Dikisahkan ada seorang mu'azin di salah satu mesjid. Terlihat dirinya memiliki tanda-tanda orang shaleh. Pada suatu hari ketika naik ke menara untuk melakukan azan ia melihat wanita Nasrani dan ia terpesona. Ia langsung menghampirinya namun sang wanita menolak karena takut akan kesyubhat-an. Si mu'azin berkata kepadanya, Saya akan menikahi kamu. Si wanita Nasrani menjawab, Kamu seorang muslim sedangkan saya adalah wanita Nasrani. Ayahku pasti tidak akan setuju. Sang mu'azin berkata, "Apakah saya harus pindah ke agama Nasrani?" Sang wanita menjawab,"Kalau begitu ayahku akan setuju." Jadilah mu'azin tadi seorang Nasrani. Kemudian mereka menentukan hari pernikahan.

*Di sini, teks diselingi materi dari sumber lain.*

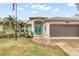 Single-Gathering home with teal front doors and attached garage at 5273 Crestline Ter, Port Charlotte, FL 33981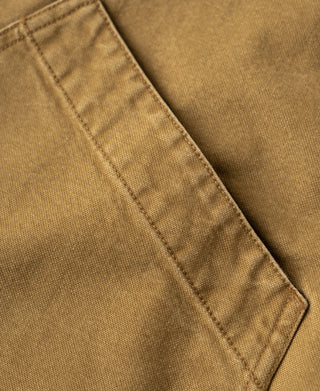 Khaki canvas field jacket with close-up of a stitched seam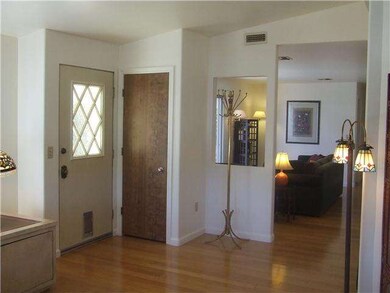 Front door entryway with storage closet. Bamboo fl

Namun sebelum pernikahan terjadi, laki-laki tadi naik ke loteng rumah untuk keperluan sesuatu, namun sayangnya ia terjatuh hingga meninggal dunia. Ia belum mendapatkan wanita tersebut sebagai isterinya, di sisi lain ia telah kehilangan agama asalnya, Islam. Kita berlindung kepada Allah dari keburukan di akhir hayat. 

Apabila faktor penghalang menikah adalah keberatan dengan mahar, insya Allah pembahasan ini akan kita kaji di bab berikutnya. Tapi pada umumnya, meninggalkan nikah adalah sesuatu yang sangat berbahaya. Seorang laki-laki yang belum menikah sebenarnya ia dalam keadaan yang bergejolak dan menghadapi gelombang fitnah. Sebagian dari ulama berkata bahwa tidak ada sesuatu yang paling berat dari meninggalkan syahwat, karena menggerakkan sesuatu yang diam adalah lebih mudah ketimbang mendiamkan sesuatu yang bergerak. 

Ibnu al-Haj berkata, "Shahibul Anwar telah berkata, 'Hati - hatilah kalian terhadap tipu daya wanita. Meskipun para wanita adalah penyembah tapi sesungguhnya mereka bisa menyondongkan ke semua cobaan dan tidak merasa risih dengan sebuah fitnah. Sebagian orang bijak mengatakan bahwa syaitan tidak akan putus asa sedikitpun dalam menggoda manusia hingga dia mendatangkan wanita kepada setiap manusia. Karena sesungguhnya menahan jiwa adalah sangat mungkin bagi orang yang baik kecuali wanita.